The latest in my country is the nut job that killed his boyfriend, hacked him up, made a video of it and posted it on thw internet, mailed the pieces to the head of our political parties and then fled to Europe. The news has been everywhere, it is hard to avoid it. The headlines are on the Internet, newspaper, tv and Facebook. It just reinforces my fears that people are bad.

Good lord, I just don't understand people, I really don't. People scare me. Their intentions scare me. Not being able to pick out with certainty which ones are good and which ones are bad plays heavily on my mind.

So, I keep to myself, avoiding contact with others as much as possible.

It's hard when you have seen and experienced such violence to turn down your paranoia radar :(
 
You are so much like me in this way...I could have written your post! I also live in Canada, and don't watch the news or listen to the radio, but still, I can't seem to avoid hearing about this. It makes me just crawl further into my hole...
 
In my earlier stages I avoided the news completely because I tended to trigger every time.

Now, I'm a little more in control and I can take the news knowing I can turn the channel of it gets to be too much. My problem now is that I tend to obsess - so yes, this one sucked me in.

I used to be very interested in serial murder and that whole realm, so it's no wonder, but I found I was becoming paranoid at night, sleeping with a knife, that kind of stuff.
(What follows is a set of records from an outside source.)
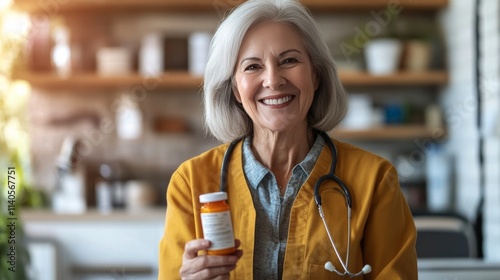 Smiling woman with gray hair holding medication bottle in healthcare setting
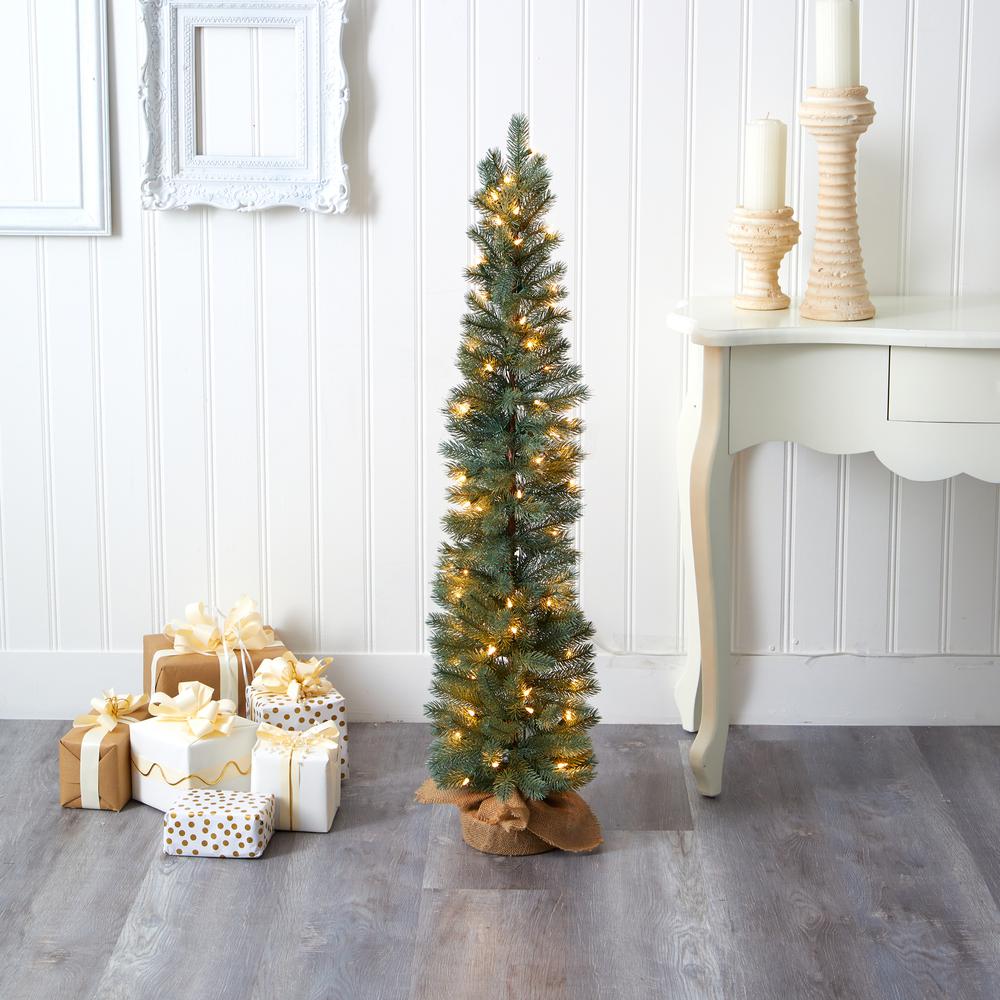 4ft. Green Pine Artificial Christmas Tree with 70 Warm White Lights Set in a Burlap Base. Picture 5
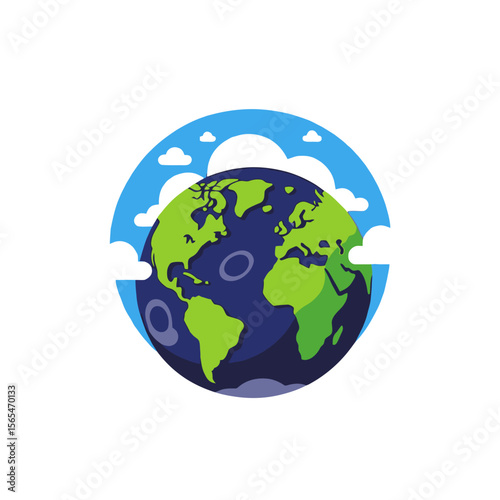 Globe Illustration with Clouds and Blue Sky Background - Earth Day Graphic for Websites - Cartoon World Map for Educational Resources - Climate Change Concept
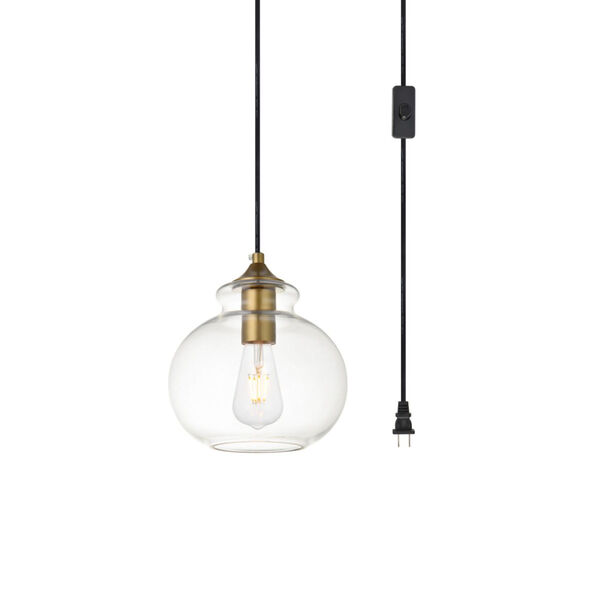 Destry Brass Eight-Inch One-Light Plug-In Pendant, image 3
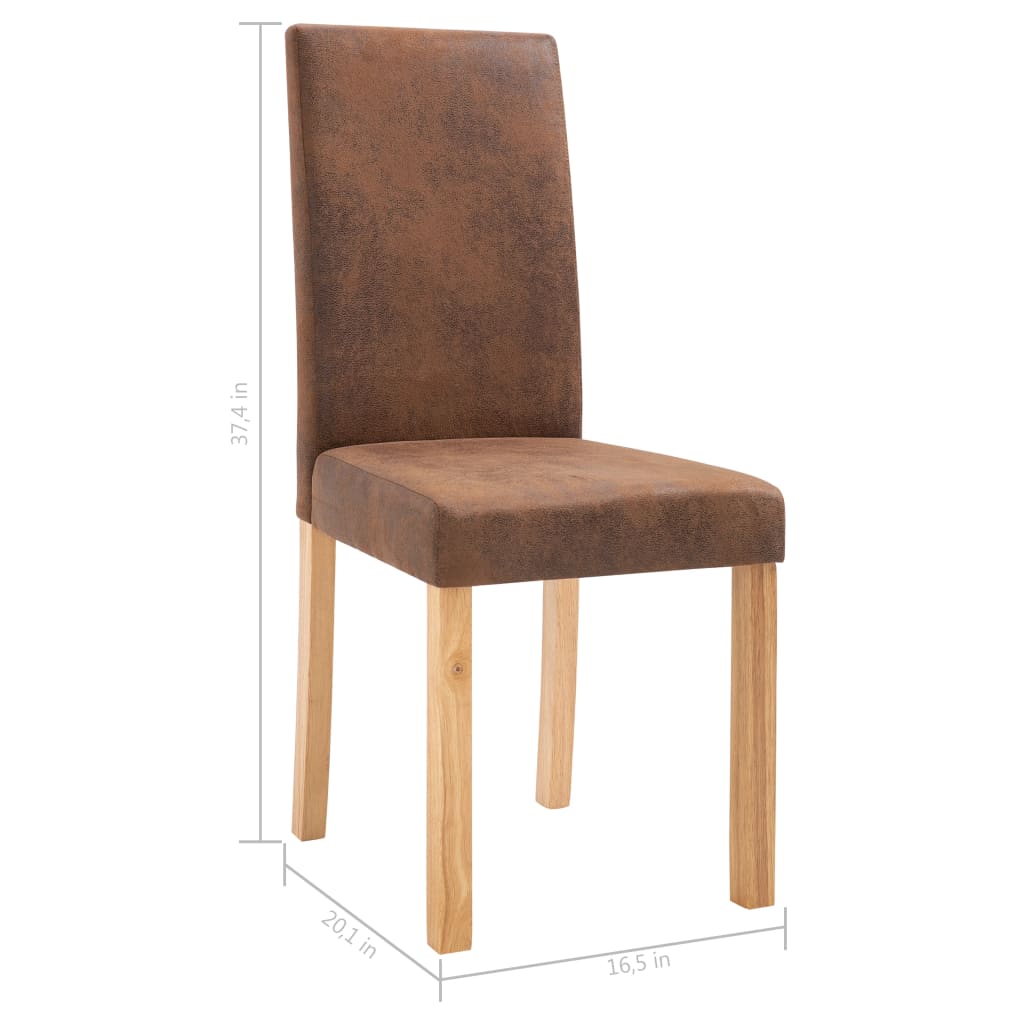 vidaXL Dining Chairs 2 pcs Brown Faux Suede Leather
It took a few days before I realized what I was doing to myself. News ban was instituted until I could centre myself again.

I know how you feel. Just remember, the world has always been like this, we just hear about it more now.
 
Just this afternoon my T and I were talking about how there are good people around, they just don't get as much notice for being polite or kind. There should be a channel that gives people the option to only hear the good news, like if an animal was born at the zoo or someone turned 103 years old.

I haven't watched the news in a long time. For a while I was seeing too many people I knew, both the victims and the criminals. Once it was a forensic clay model of a homeless woman I used to share my lunch with. I don't know if I'll ever be able to comfortably watch the news.